Cuenta “que el desencadenante pudo ser la ruptura sentimental con un compañero de trabajo y el despido”, “yo no estaba lo suficientemente madura para llevar aquella relación, me sentí burlada”, “me quedé como colgada de aquel trabajo y de aquel señor”, “también me quedé sin amigos”. “Al principio busqué trabajo por todas partes, luego estuve preparando oposiciones en casa, y luego fue devastador, no salía de casa, me dio por gastar dinero a lo bruto. Me aficioné a las películas de ópera y ballet, estaba obsesionada, no pensaba en otra cosa, estaba como borracha”, ”pasaba hasta 8 horas viendo películas”. “en esa época me salían fácilmente versos y cuentos”. “También pensaba que en la televisión hablaban de mí y que emitían mis versos”, “vivía en una fantasía”. Refiere agravamiento en primavera y otoño.

Dada la clínica maniaca expuesta por la paciente, se valora la posibilidad de que se trate de un trastorno bipolar en fase depresiva actual.

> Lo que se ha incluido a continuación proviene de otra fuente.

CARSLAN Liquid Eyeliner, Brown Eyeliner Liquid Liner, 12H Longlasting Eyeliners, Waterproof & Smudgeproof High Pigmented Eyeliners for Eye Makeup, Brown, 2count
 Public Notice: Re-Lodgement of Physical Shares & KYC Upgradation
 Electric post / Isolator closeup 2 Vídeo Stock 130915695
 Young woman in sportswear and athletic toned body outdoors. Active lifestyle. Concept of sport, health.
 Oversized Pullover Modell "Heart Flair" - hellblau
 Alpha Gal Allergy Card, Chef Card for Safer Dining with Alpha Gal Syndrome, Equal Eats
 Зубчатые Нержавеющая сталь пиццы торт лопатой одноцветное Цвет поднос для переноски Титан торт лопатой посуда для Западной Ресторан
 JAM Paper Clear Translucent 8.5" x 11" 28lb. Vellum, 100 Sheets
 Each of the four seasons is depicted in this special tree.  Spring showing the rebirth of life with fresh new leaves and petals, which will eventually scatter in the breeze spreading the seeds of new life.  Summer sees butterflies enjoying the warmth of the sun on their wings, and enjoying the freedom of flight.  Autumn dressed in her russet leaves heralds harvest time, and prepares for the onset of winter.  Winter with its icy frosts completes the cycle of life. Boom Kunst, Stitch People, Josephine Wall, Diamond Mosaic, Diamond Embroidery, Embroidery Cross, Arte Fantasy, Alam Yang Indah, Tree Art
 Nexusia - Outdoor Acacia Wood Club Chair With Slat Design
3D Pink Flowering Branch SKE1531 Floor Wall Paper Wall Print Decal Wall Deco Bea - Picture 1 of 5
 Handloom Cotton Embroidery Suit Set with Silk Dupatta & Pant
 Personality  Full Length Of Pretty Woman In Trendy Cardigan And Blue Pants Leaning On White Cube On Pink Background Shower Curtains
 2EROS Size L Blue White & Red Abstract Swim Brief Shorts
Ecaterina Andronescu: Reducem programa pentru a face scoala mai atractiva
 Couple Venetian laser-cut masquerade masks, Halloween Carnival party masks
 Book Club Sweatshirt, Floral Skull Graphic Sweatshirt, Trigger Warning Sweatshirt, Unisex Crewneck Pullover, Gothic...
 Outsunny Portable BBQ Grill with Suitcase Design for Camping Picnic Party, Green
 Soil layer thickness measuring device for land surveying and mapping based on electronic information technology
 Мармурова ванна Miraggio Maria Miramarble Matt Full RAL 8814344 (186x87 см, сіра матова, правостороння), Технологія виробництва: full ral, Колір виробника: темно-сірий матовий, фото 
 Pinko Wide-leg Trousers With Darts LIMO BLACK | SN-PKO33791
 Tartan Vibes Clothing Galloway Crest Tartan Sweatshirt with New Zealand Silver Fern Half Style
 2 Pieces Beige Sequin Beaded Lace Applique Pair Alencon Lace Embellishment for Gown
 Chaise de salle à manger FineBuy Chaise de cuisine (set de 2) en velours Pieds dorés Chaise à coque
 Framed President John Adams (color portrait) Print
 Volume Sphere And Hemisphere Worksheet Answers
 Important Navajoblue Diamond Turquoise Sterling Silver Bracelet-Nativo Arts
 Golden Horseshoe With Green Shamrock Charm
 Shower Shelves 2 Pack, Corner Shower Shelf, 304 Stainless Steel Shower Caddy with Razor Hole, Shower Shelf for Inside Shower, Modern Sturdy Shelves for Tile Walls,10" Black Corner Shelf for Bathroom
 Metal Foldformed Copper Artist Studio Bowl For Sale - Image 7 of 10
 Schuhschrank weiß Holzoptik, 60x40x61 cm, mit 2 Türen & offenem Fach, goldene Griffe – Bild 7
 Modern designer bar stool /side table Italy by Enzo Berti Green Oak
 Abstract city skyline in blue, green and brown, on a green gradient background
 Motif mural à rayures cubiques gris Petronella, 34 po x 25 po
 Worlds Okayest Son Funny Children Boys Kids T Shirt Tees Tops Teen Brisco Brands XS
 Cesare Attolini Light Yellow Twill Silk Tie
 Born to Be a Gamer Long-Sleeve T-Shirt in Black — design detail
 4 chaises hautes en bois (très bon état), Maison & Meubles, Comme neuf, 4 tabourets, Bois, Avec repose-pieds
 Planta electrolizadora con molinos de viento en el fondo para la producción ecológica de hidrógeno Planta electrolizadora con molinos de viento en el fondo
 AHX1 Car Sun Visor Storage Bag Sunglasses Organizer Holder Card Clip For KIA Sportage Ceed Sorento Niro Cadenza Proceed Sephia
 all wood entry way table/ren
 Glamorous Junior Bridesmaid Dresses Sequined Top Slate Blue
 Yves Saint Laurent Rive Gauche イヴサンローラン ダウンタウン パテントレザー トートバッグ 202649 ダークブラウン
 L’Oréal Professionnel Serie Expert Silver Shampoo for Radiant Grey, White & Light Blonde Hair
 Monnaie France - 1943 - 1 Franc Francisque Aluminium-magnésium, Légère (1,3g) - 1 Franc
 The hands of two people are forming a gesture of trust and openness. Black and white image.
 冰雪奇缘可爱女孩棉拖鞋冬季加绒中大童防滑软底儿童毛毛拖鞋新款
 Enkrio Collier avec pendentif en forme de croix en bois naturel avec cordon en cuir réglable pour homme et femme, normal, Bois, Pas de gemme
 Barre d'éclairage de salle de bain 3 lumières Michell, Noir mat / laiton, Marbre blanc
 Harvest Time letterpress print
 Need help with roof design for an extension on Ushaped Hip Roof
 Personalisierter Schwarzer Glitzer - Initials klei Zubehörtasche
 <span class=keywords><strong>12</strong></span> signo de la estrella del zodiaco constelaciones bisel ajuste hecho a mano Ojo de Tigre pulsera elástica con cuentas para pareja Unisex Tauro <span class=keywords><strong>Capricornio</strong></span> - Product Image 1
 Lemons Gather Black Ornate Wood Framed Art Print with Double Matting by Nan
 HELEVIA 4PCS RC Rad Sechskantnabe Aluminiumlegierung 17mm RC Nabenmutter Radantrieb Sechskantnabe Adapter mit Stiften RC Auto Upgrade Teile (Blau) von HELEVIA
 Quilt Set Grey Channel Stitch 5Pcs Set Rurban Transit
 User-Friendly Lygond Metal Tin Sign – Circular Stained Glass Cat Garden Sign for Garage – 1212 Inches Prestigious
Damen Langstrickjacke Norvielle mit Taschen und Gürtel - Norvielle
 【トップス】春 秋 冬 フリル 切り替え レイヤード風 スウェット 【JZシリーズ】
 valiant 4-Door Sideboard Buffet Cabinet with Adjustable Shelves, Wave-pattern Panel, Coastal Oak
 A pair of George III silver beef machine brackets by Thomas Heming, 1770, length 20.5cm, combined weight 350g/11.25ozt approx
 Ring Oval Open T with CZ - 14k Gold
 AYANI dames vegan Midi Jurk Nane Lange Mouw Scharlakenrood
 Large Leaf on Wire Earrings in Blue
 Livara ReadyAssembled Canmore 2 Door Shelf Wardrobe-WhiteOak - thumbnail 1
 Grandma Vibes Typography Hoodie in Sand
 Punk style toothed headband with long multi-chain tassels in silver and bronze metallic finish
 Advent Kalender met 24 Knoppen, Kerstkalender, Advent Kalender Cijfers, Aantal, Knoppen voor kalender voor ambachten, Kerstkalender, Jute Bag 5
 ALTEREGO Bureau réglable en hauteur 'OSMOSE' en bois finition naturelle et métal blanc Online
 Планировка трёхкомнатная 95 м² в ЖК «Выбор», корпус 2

Apoyan este diagnóstico los siguientes puntos: 

 

- Empeoramiento estacional primavera/otoño.

- Sintonización afectiva. Desencadenante afectivo (ruptura de pareja). Deseos de integración social.

- episodio maniaco de insomnio y gastos excesivos.  

- Actual episodio depresivo con ideación delirante congruente con el estado de ánimo.

Se le facilita a la paciente una descripción (manual para enfermos y familiares) del trastorno bipolar, y ésta se reconoce en la depresión y en la manía: “tengo casi todos los síntomas”. Por este motivo, se considera adecuado introducir tratamiento con sales de litio en dosis crecientes (600 DMD) y aumentar dosis de venlafaxina (300 DMD), así como modificar el diagnóstico inicial de trastorno delirante crónico por trastorno bipolar vs esquizoafectivo. Progresivamente se objetiva mejoría del estado de ánimo de la paciente y menor consistencia de la ideación delirante, de la que realiza crítica parcial.  

 

PRUEBAS COMPLEMENTARIAS:

 

ECG: Sin alteraciones significativas.
Hemograma, Bioquímica, coagulación; Normales.
Colesterol: 216 mg/dl; triglicéridos 544 mg/dl.
Análisis de orina: sin alteraciones.
H. tiroideas: tiroxina libre 1. 04 TSH 4. 73.
Se hace una interconsulta a Medicina Interna quien pauta dieta para dislipemia estricta durante un mes, al cabo del cual los valores lipídicos continúan aumentados (colesterol 300, TG 257), por lo que se deriva al MAP al alta.  

 

JUICIO CLÍNICO:

 

Eje I: trastorno bipolar vs esquizoafectivo.
Eje II: rasgos obsesivo-paranoides de la personalidad.
Eje III: hipertrigliceridemia

 

Al alta se recomienda derivación al CPTD para evitar aislamiento y fomentar relaciones interpersonales.